The consequences of his political philosophy were described by a Christianity Today article as follows: 

 “Witherspoon's common-sense views and his concern for the church led him to argue that the colonies ought to sever ties with England. "There is not a single instance in history," he stated, "in which civil liberty was lost and religious liberty preserved." Starting in May 1776, he began arguing for independence from the pulpit, earning him the Tory title, ‘Doctor Silverspoon, Preacher of Sedition in America.’” (see http://www.christianitytoday.com/holidays/fourthofjuly/features/50h018.html )

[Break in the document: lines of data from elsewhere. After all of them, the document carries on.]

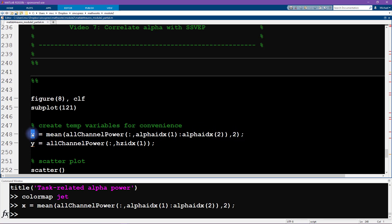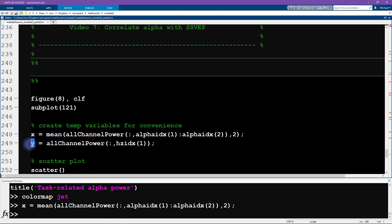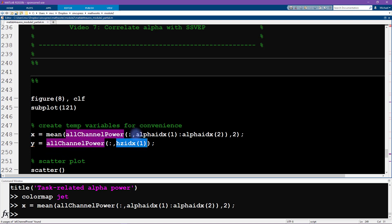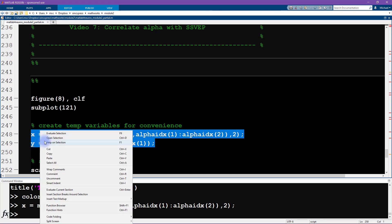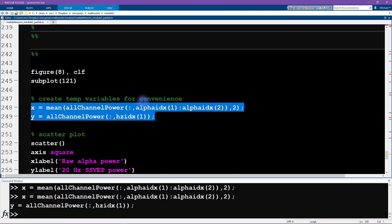Now for the rest of the code in this video I can just work with this variable x instead of having to use all of this inside the plotting code and the correlation code. The y-axis variable is also coming from all channel power, it's exactly the same variable, we're just selecting a different frequency. Here we have a range of frequencies from 8 to 12 hertz, and here we just have one frequency at 20 hertz.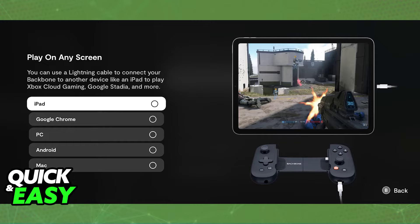As you can clearly see, they list iPad, Google Chrome, PC, Android — which is what we're looking for — and then Mac. All that you have to do from here is to choose the option Android and immediately upon selecting it, it's going to be ready to be used with any Android device that you have.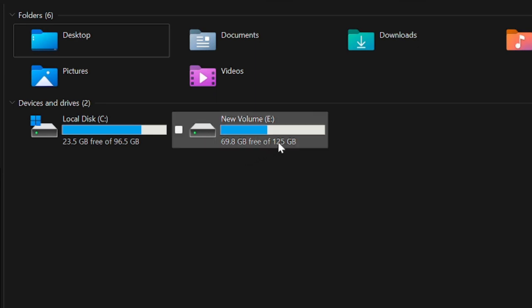And you can see the drive has been merged here. So this is a simple step, guys. You can easily do it, but you have to be careful. Just make sure that if you have some space on your drive that you want to merge...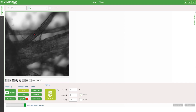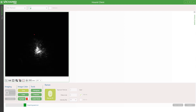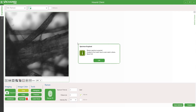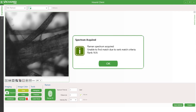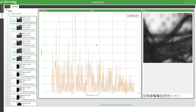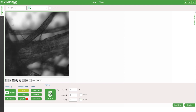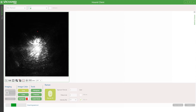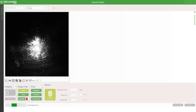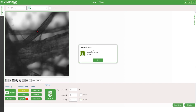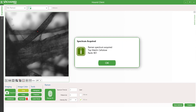I'll repeat this with the third particle. Starting with the 785 nanometer Raman laser, not only is there no match, but if I look at the spectrum, it's just noise. So what I'll try is to use the 532 nanometer Raman laser. With this, I can see I have a match of cellulose.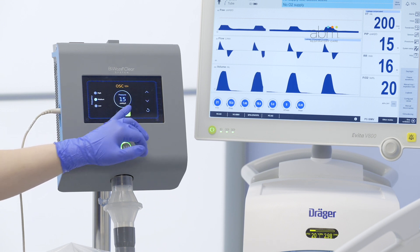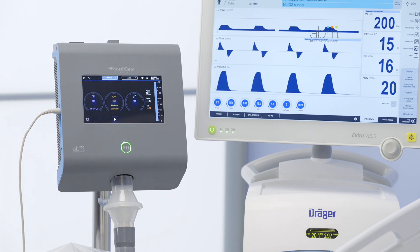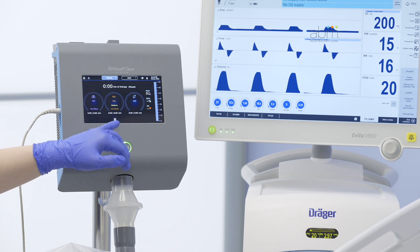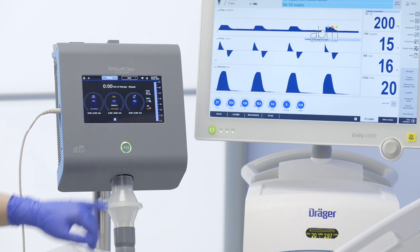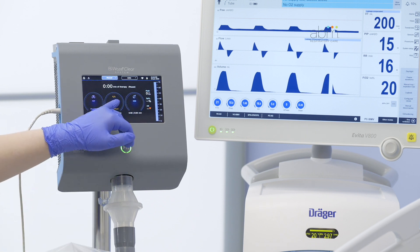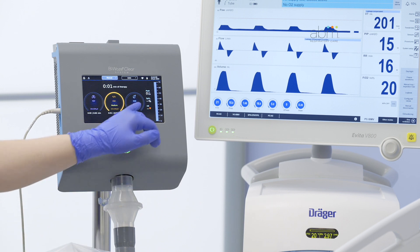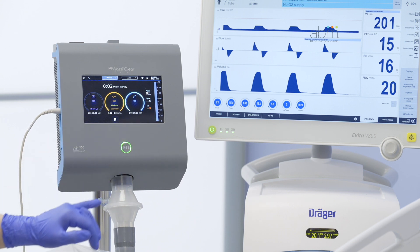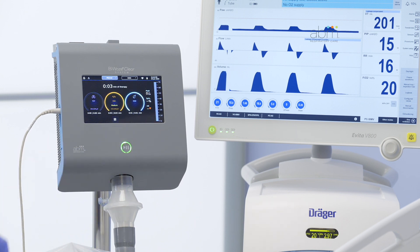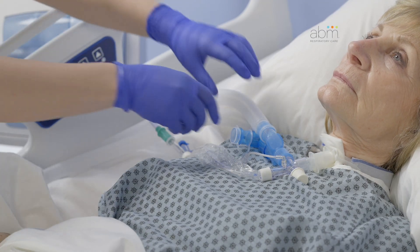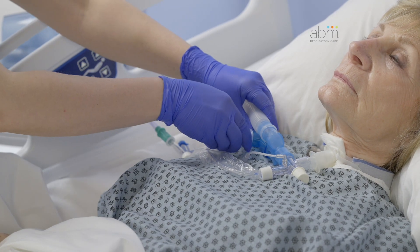Next, press the Start icon at the bottom of the screen to activate manual therapy controls. Then select OSS and NEB therapies. The therapy phase circles will illuminate to indicate that they are actively delivering therapy. Uncap the spring-valved T-adapter.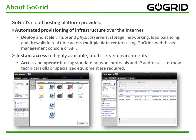Before we begin, let me tell you just a little bit about GoGrid. GoGrid's cloud hosting platform provides automated provisioning of infrastructure over the Internet. It also provides instant access to highly available multi-server environments.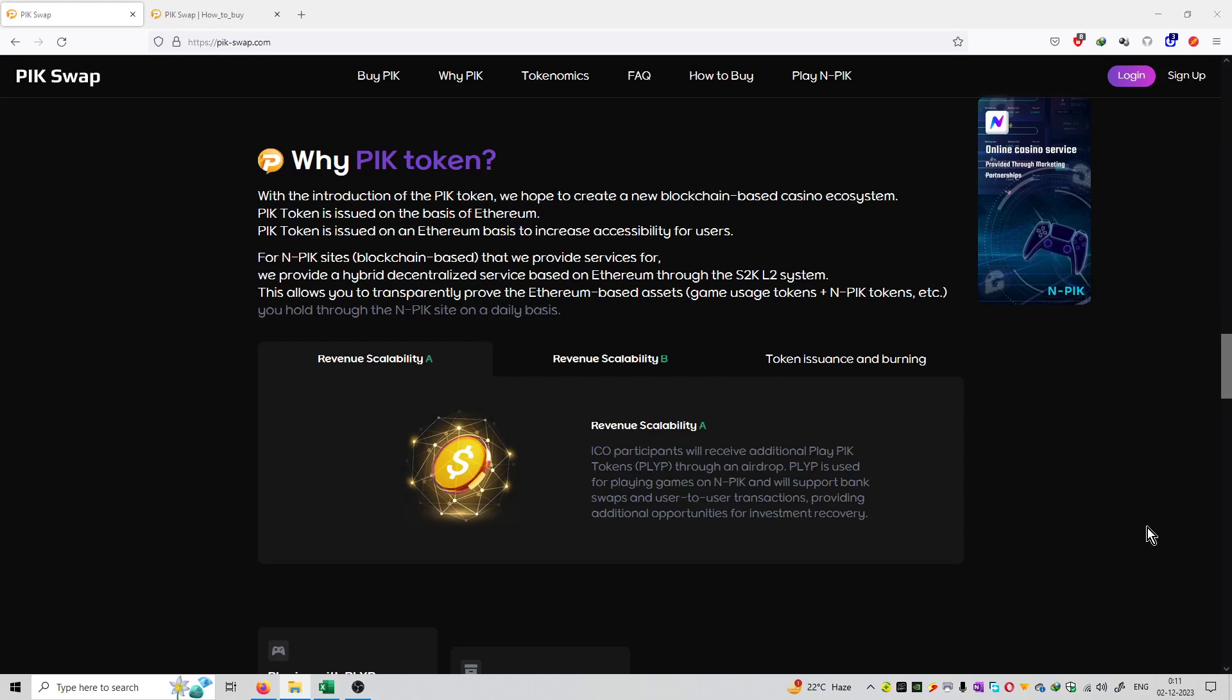Welcome to the series on PicToken and PicSwap.com. Now the question is, why use this coin?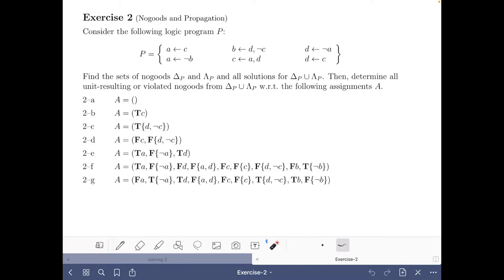Hello and welcome to this video of the course Answer Set Solving in Practice. My name is Javier Romero and here we are going to do this exercise on nogoods and propagation of the solving part of the course.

The article previously cited at http://etc.princeton.edu/CampusWWW/Companion/witherspoon_john.html goes on to describe something of his significant influence on the nation, American Presbyterianism, and Princeton University:

“He was a member of the ratifying convention that brought to New Jersey the honor of being the third state to ratify the Constitution of the United States. He contributed greatly to the organization of a newly independent and national Presbyterian Church and in 1789 opened its first General Assembly with a sermon and presided until the election of the first moderator. Above all, the name he had won as a divine, an educator, and a patriot brought returning strength to the College. He is rightly remembered as one of the great presidents of Princeton.”

 

While I would differ with this article’s assessment of the propriety of Witherspoon’s philosophy and life, neither I nor anyone else should argue with its assessment of his influence. While Witherspoon and many of his American Presbyterian descendants do not carry some of their humanistic pre-suppositions to their logical conclusion, and hence preserve various aspects (and sometimes very important aspects) of the historic reformed faith, they leave America with a corrupted version of Presbyterianism.   He set the basic course which most American Presbyterianism has never shaken- be it “liberal” or be it “conservative.”   But this legacy has left American Presbyterians very weak in engaging in spiritual combat the “Babylon” the Jesuits designed in Washington, DC.